_Directions:_ Images should be left out, and everything else in the listing reproduced exactly.

:: Records for the exercise ::

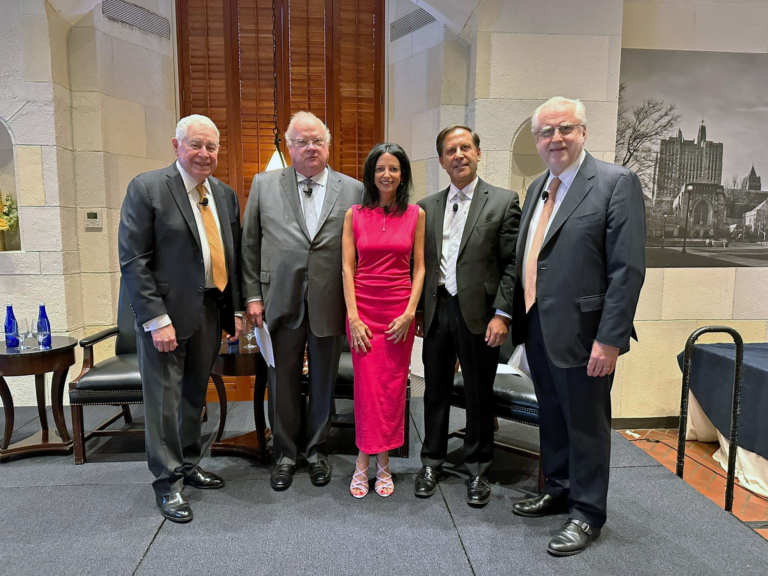 Los_participantes_del_panel_Desafios_de_los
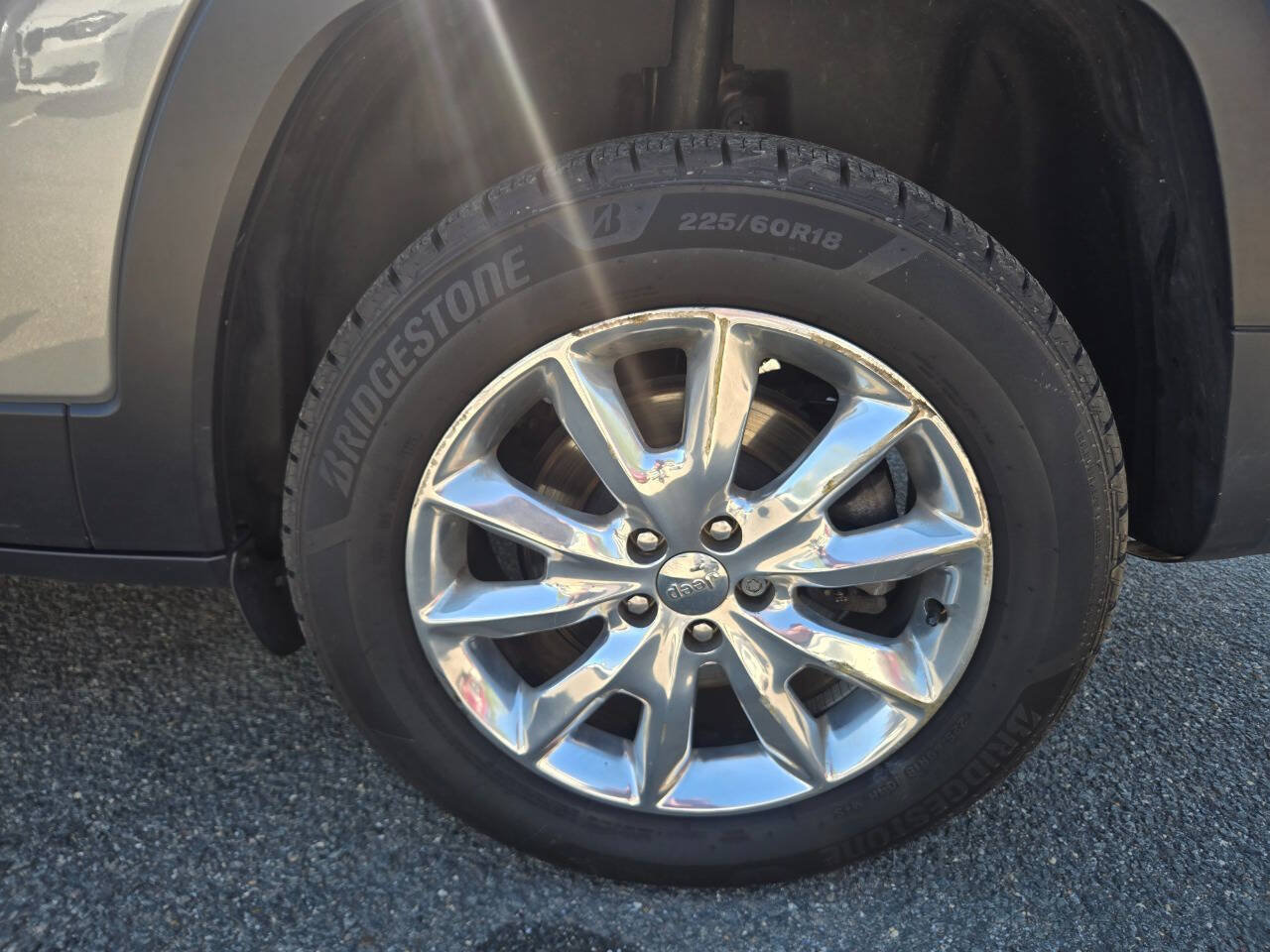 Used 2016 Jeep Cherokee Limited w/ Luxury Group AWD/4WD image 14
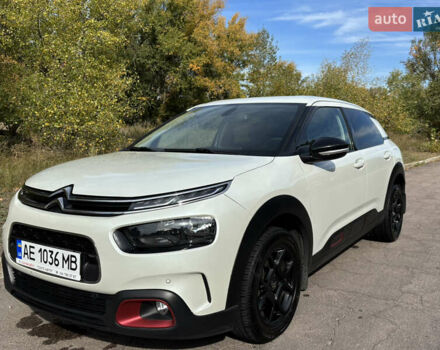 Білий Сітроен C4 Кактус, об'ємом двигуна 1.5 л та пробігом 118 тис. км за 15900 $, фото 1 на Automoto.ua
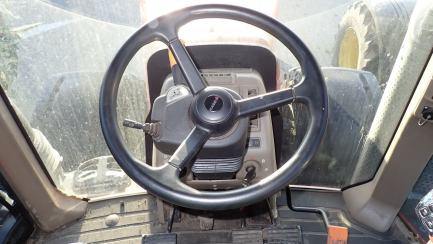 Zdjęcie przedmiotu: CASE Magnum 340 NFC farm tractor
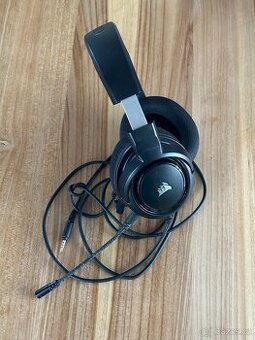 Kabelová herní sluchátka Corsair HS35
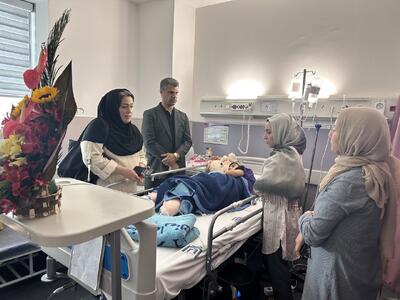عیادت هادی ساعی از دختر تکواندوکار مجروح‌شده در حملات اسرائیل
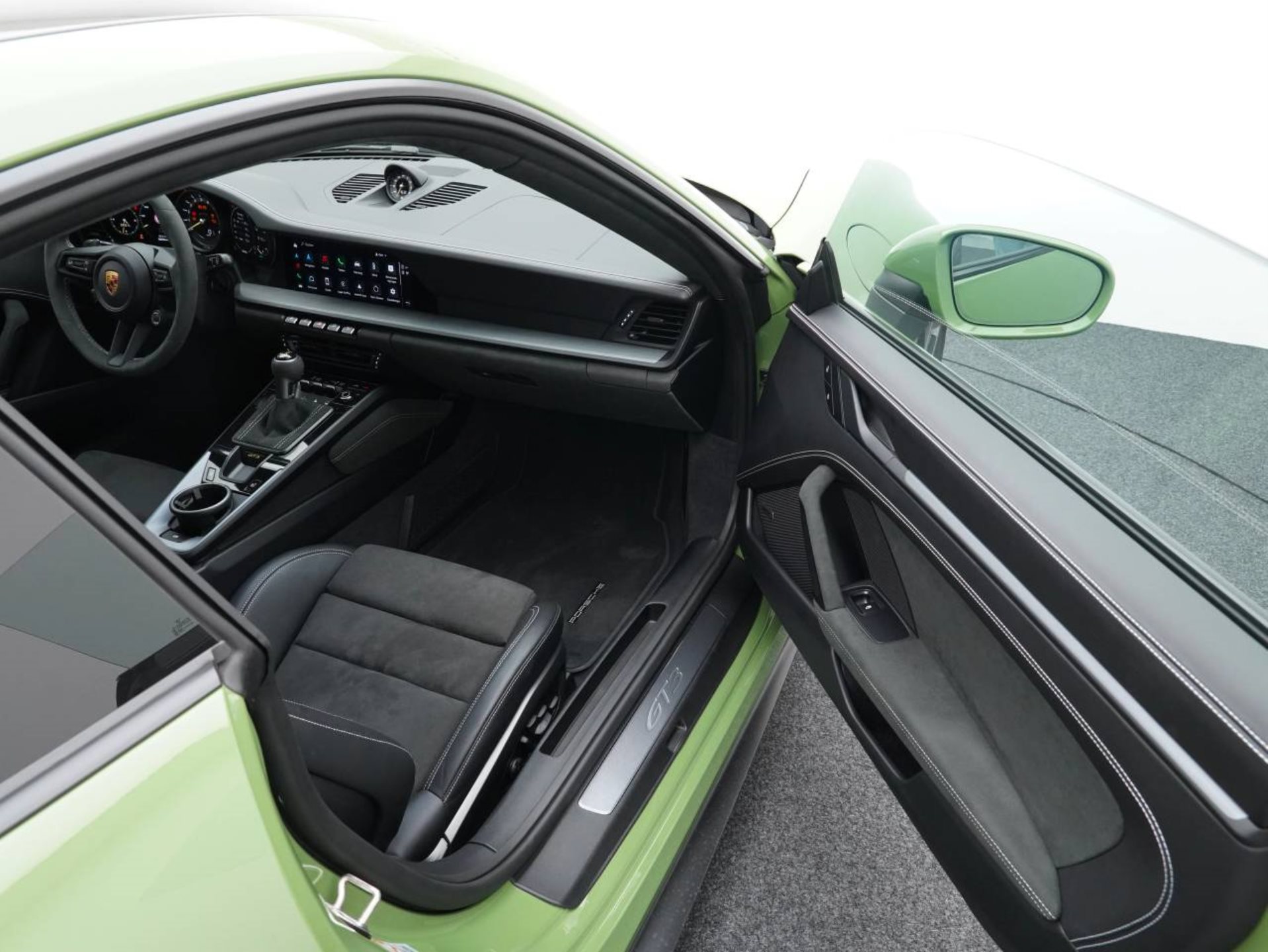 PORSCHE 911 GT3-image-22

:::

_Output below:_
 Los_participantes_del_panel_Desafios_de_los
 Used 2016 Jeep Cherokee Limited w/ Luxury Group AWD/4WD image 14
 Білий Сітроен C4 Кактус, об'ємом двигуна 1.5 л та пробігом 118 тис. км за 15900 $, фото 1 на Automoto.ua
 Zdjęcie przedmiotu: CASE Magnum 340 NFC farm tractor
 Kabelová herní sluchátka Corsair HS35
عیادت هادی ساعی از دختر تکواندوکار مجروح‌شده در حملات اسرائیل
 PORSCHE 911 GT3-image-22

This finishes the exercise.